The T Report: Monster Trucks, Summits, and Gravity

Posted by on Oct 19, 2012 in Uncategorized | No Comments

Sunday, Sunday, Sunday, Monster Truck Madness….or EU Summit

It is bad enough when you get a song stuck in your head, but today, I have those Monster Truck commercials stuck in my head. The deep voice, pitching the excitement that Sunday, Sunday, Sunday, Monster Truck Madness was coming to your town. Maybe the EU should hire that person because that is about the only way to generate any enthusiasm for this summit.

Banking Supervision

A plan to create a plan will be done by the end of this year so that it can be implemented in 2013. The reality is the banks have been supervised, just poorly, so this won’t fix much. The plan won’t be implemented in 2013. If you think it is hard for the EU to give money to countries, wait until they squabble over the banks. This will not change anything in the near term and isn’t going to create a system where there is no risk at the banks. In fact, any bank that gets in trouble is now going to be subject to the whims of some bailout crew and creditors won’t be able to rely on the law. Why the market gets excited, I just don’t know.

Greek Debt Fiasco

I can’t quite tell what is going to happen to Greek debt, but nothing I hear makes sense.

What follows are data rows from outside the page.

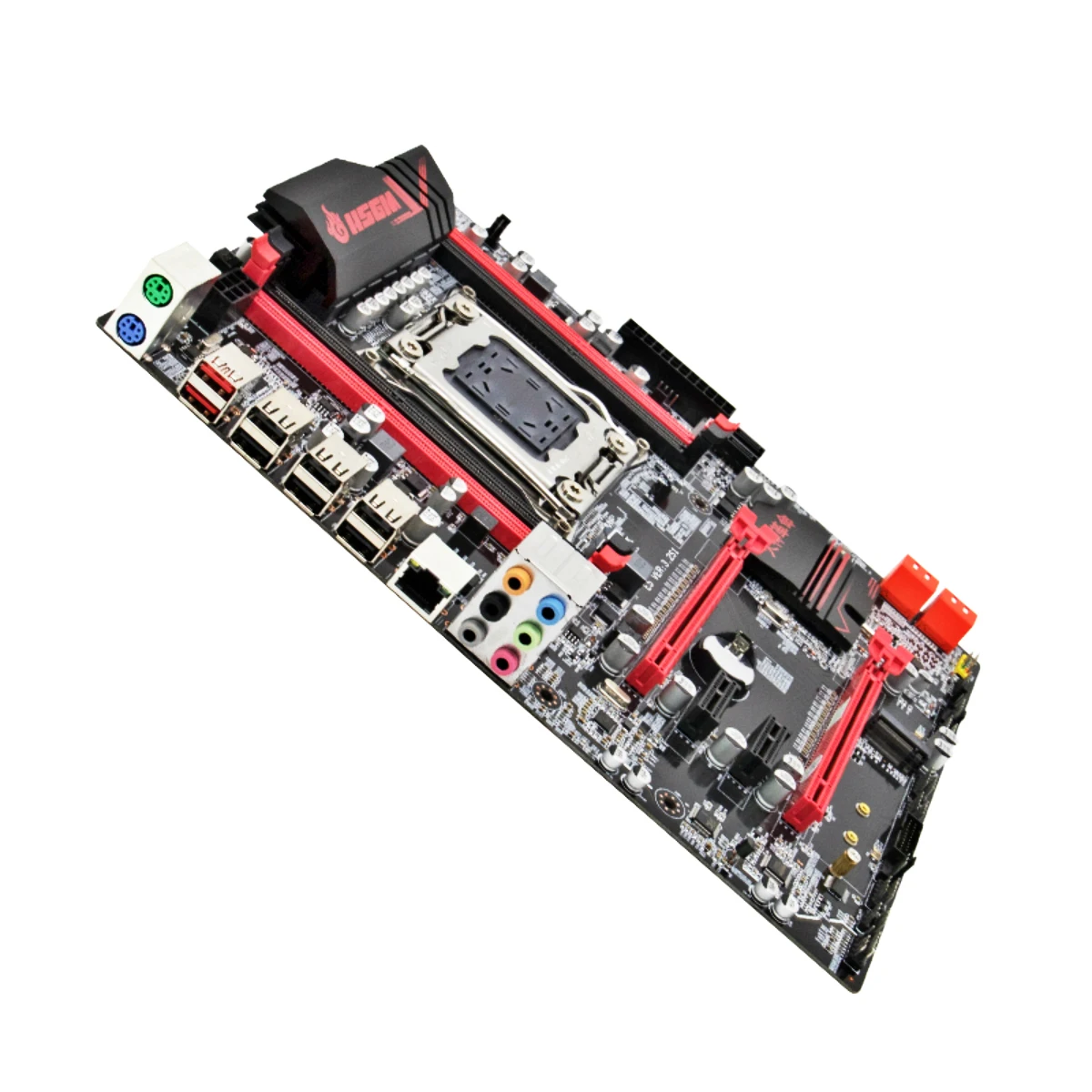 X79 материнская плата LGA2011 CPU ATX USB3 SATA3 Kit PCI E NVME M.2 SSD Поддержка DDR3 REG ECC Rams и Xeon E5 Core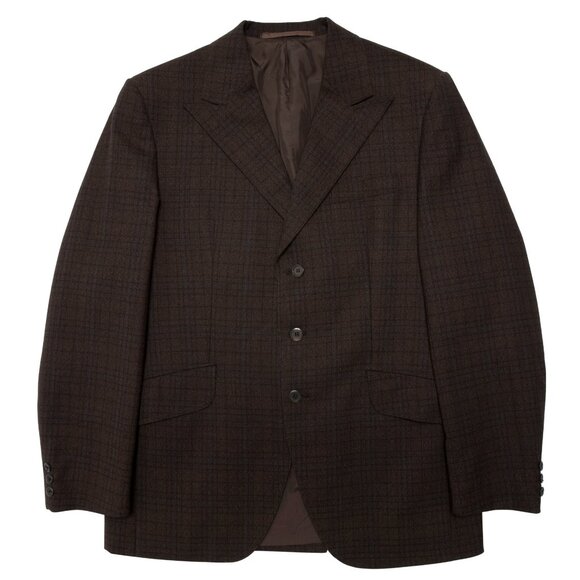 K.P. Ruuskanen (Finland) 70s, Barker, Woolmark, Windowpane Check - Picture 1 of 11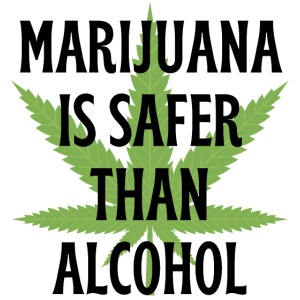 Marijuana Is Safer Than Alcohol - Marijuana Leaf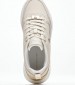 Women Casual Shoes Feminine.Runner Beige Leather Tommy Hilfiger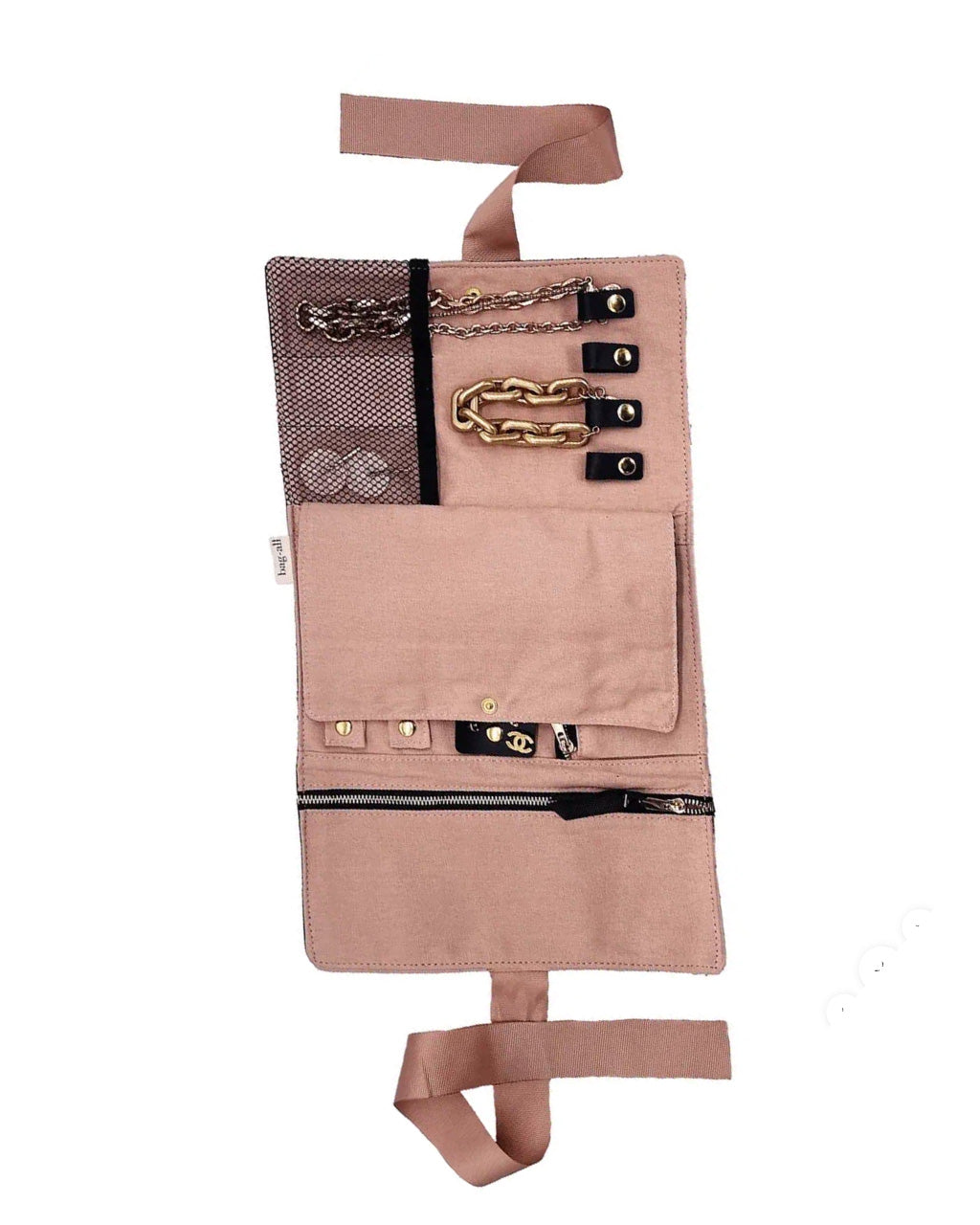 bag-all Large Jewelry Roll Travel Pouch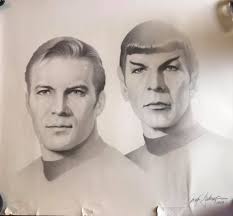 Who is the artist of this vintage hand-painted canvas?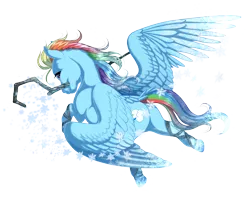 Size: 1716x1383 | Tagged: artist:kittehkatbar, derpibooru import, jack frost, rainbow dash, rise of the guardians, safe, simple background, solo, spread wings, transparent background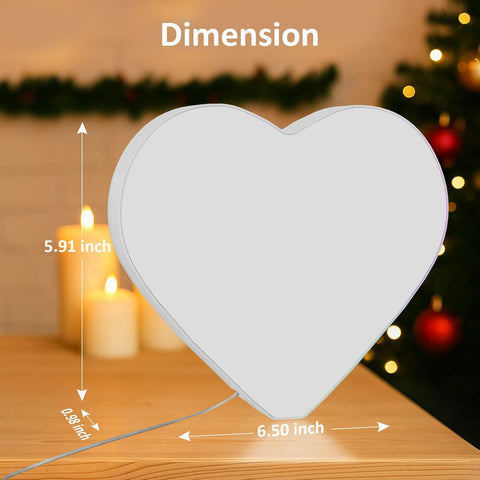 LED Heart Letter Colour Changing Night Light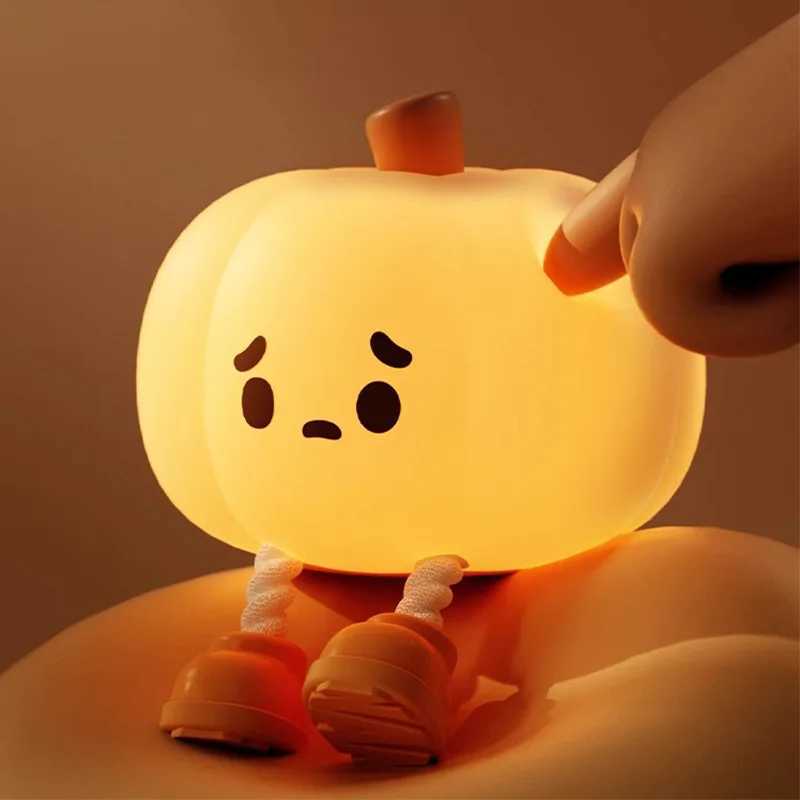 Pumpkin Halloween Led Night Light Ghost Table Lamp Book Light Cute Cartoon Birthday Gifts for Kids Nursery Bedroom Bedside Sleep XJ250804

One plan is to buy back the PSI bonds at a discount. Yes, that will reduce debt to GDP today and help the 2020 goals. But it is a stupid plan. Greece pays 2% on these bonds and the first maturity is 2023. Other than meeting some artificial Troika target, this plan has no meaningful impact. Greece will have to borrow money from the ESM to pay for these bonds. Depending on the price they pay and the coupon on the new debt, they will likely receive cost savings of far less than €1 billion per annum. If the average price paid is 50% of par (seems likely once the deal starts) and the borrowing rate on the ESM loans is 2%, the cost savings would be €600 million. That would be okay, the ESM loans are likely to have maturities less than 10 years, so the debt acceleration is a problem. This is basically the exact opposite of what a company in trouble would do.

The other version would have the ECB selling its bonds to the ESM and letting the ESM take a write-down. This would be a classic example of form over substance. This would let the ECB avoid a loss – which is good because it has no capital, but it is a shell game and would once again indicate that Europe is willing to defy the laws of accounting to get what it wants. The ESM would then take a loss, which would impact the paid-in capital. It means the loss would be shared by all the countries that back the ESM, including the 25% or so that is backed by Spain and Italy. This would at least benefit Greece, but I think it sends a message that the ESM is just a piggybank that can be used at will in whatever way the EU chooses. That will not make some countries (Finland) happy.

Spanish Bailout?

With Spanish short term bond yields now potentially lower than the backstop rates that the ESM and ECB would support it isn’t surprising that Rajoy isn’t asking for a bailout package. If the markets will drive the price of credit so low without a plan, he would be silly to ask for one. It causes problems for him domestically and with the 2 year bonds at 2.75% he has no incentive. I think we need one more nasty sell-off for him to ask.

Gravity

First we had the sell-off in Apple for no real reason and now we had Google selling off, but at least there was a reason for Google’s steep decline – awful earnings. As far as I can tell these are the two most loved stocks in the market. They are big positions for many hedge funds and this sell-off may well continue as they are forced to sell to mitigate the damage to their monthly returns. While both companies are great companies, the valuations may be excessive and the need to cut positions could be high. Apple has bounced off the lows of last week, but has continued to struggle and could break those today. Google could well experience the same sort of price action, and with Google it could be worse because it actually sold off on bad news.

With big tech, traditional tech giving warnings (IBM, INTC, etc.) and now the new darlings facing some trouble, we could see continued pressure on the sector and that might be enough, coupled with lack of resolution out of Europe to drag the markets back down.